=== Collected material ===
—————
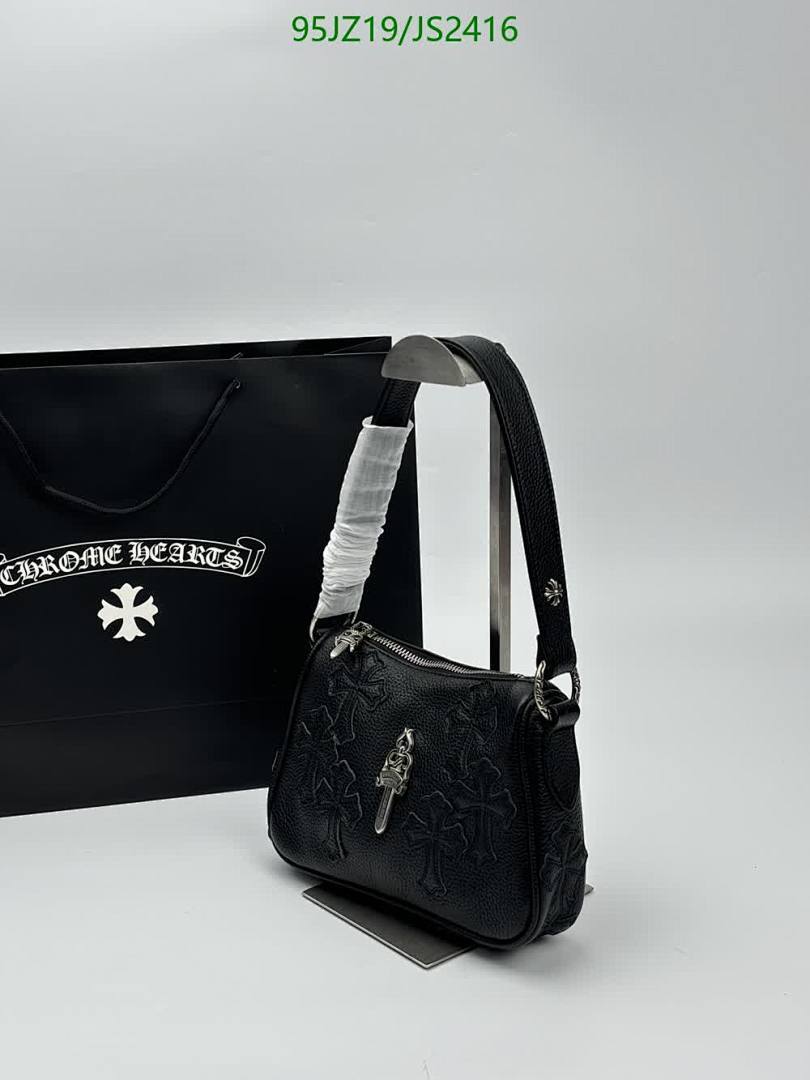 Handbag-Chrome Hearts Bags(4A) Code: JS2416 $: 95USD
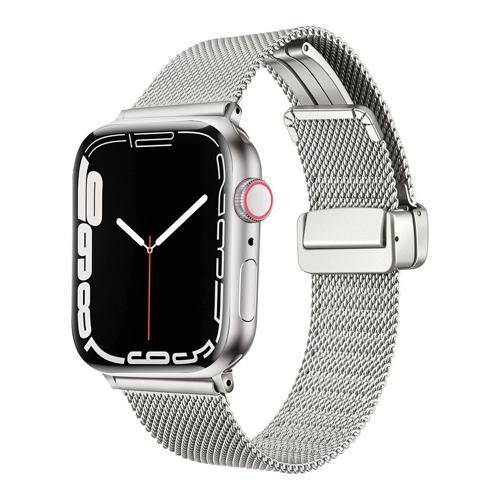 Apple Watch 38mm Zore KRD-85 Metal Kordon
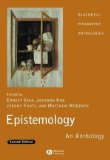 Epistemology An Anthology cover art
—————
=== Assigned task ===
Nothing but the pictures is to be left out; the rest of the listing should be copied exactly.

=== Written response ===
 Handbag-Chrome Hearts Bags(4A) Code: JS2416 $: 95USD
 Apple Watch 38mm Zore KRD-85 Metal Kordon
 Epistemology An Anthology cover art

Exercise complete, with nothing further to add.